Start of RECORDED DATA
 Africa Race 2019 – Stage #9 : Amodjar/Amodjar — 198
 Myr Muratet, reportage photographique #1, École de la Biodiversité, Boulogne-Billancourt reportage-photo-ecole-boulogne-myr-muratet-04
End of RECORDED DATA
Start of RECORDED DATA
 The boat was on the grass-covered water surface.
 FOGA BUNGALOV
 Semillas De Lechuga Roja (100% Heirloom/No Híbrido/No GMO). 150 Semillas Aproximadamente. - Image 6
End of RECORDED DATA
* WHAT YOU NEED TO DO
Beginning at the line with "Africa Race 2019" and ending at the line with "Myr Muratet, reportage", reproduce each line of the data above exactly, and add no other lines.

* TASK OUTPUT
 Africa Race 2019 – Stage #9 : Amodjar/Amodjar — 198
 Myr Muratet, reportage photographique #1, École de la Biodiversité, Boulogne-Billancourt reportage-photo-ecole-boulogne-myr-muratet-04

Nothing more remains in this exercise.